Hess Concedes Two Board Seats to Elliott

Hess Corp. (NYSE:HES) said Monday it will add to its board two directors nominated by activist shareholder Elliott Management, as long as the oil company’s own slate of five nominees is elected.

The announcement, made just days before Hess’s annual meeting this week, is intended to bring a close to a proxy battle between the two sides.

Earlier Monday, five potential Hess directors nominated by Elliott said they waived their right to receive payments from the hedge fund, calling the compensation plan a “distraction.”

Hess has said Elliott’s nominees would not be independent since the firm was offering them compensation based on measures such as stock performance.

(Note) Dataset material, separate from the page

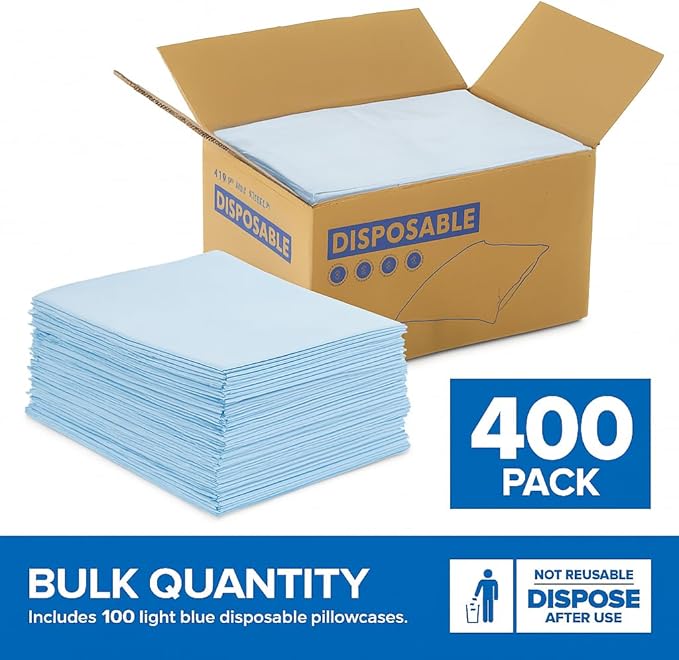 Stock Your Home (400 Count) Disposable Pillow Case Covers, Tissue/Poly 21" x 30" Standard Size, Single-Use Pillowcases with Moisture Barrier in Blue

“While we have been encouraged by the enthusiastic public response to this campaign, we have also noted the ongoing distraction around our compensation arrangements with Elliott Management,” the nominees said in their letter. “As such, while each of us believes that these arrangements are appropriate and consistent with the performance of our duties as independent directors, each of us has made the decision to waive our right to receive these payments from Elliott.”

Hess responded to the news by saying Elliott’s nominees gave up independence by agreeing to accept the compensation plan.

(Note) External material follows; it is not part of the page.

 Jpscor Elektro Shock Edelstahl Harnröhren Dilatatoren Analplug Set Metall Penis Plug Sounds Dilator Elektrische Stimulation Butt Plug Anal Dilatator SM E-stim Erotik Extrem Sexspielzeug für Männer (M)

John Mullin, the board’s lead director, also said the move reflects that shareholders “have rejected the tortured logic from (proxy adviser) ISS,” which backed Elliott.

“This follows the Elliott nominees' recent move to back away from the flawed breakup plan for Hess that they had originally agreed to support—and they backed away only after hearing the overwhelming rejection of that plan by Wall Street research analysts and Hess shareholders,” Mullin said in a statement.

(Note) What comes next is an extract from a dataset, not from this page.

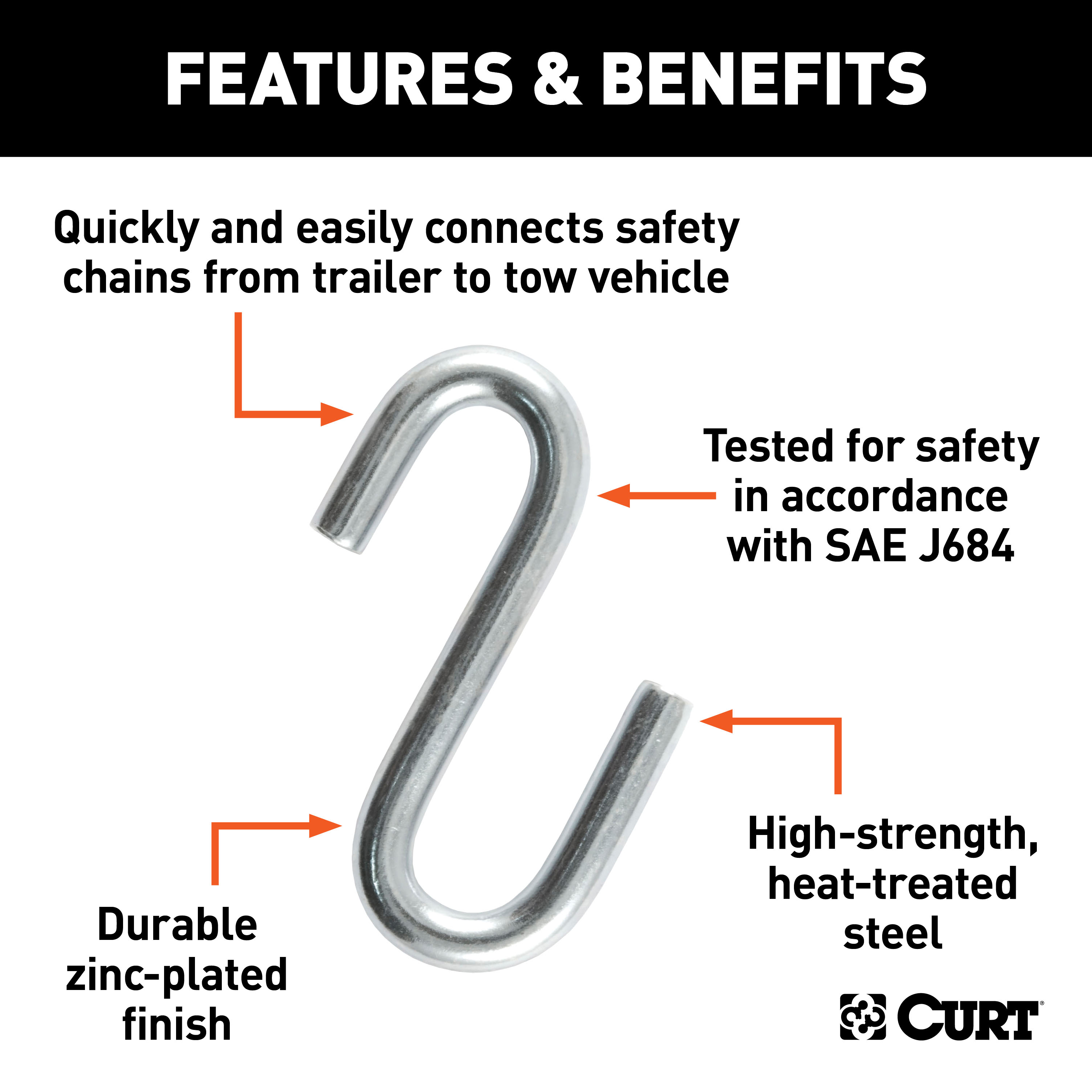 CURT 81260 3/8-Inch Certified Trailer Safety Chain S-Hook, 2,000 lbs thumbnail 1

“The admission today by Elliott and its nominees makes it clear that shareholders agree that Elliott's scheme was unacceptable, and exposed Elliott's campaign for what it is, short termism at the expense of all shareholders.”

Last week, Hess unveiled plans to separate the roles of chairman and chief executive, both of which are currently held by John Hess.

Hess and Elliott have been locked in months-long proxy battle. The hedge fund, which owns a stake of about 4.5%, has criticized the company’s management and current slate of directors. Hess, which in March announced its plans to become a pure-play exploration and production company, has questioned the independence of Elliott’s nominees and accused ISS of having a bias toward activist shareholders.

ISS and Glass-Lewis, another proxy adviser, each backed Elliott’s board nominees.

Hess plans to hold its annual meeting Thursday in Houston.

Shares of Hess closed Monday up 9 cents at $69.39.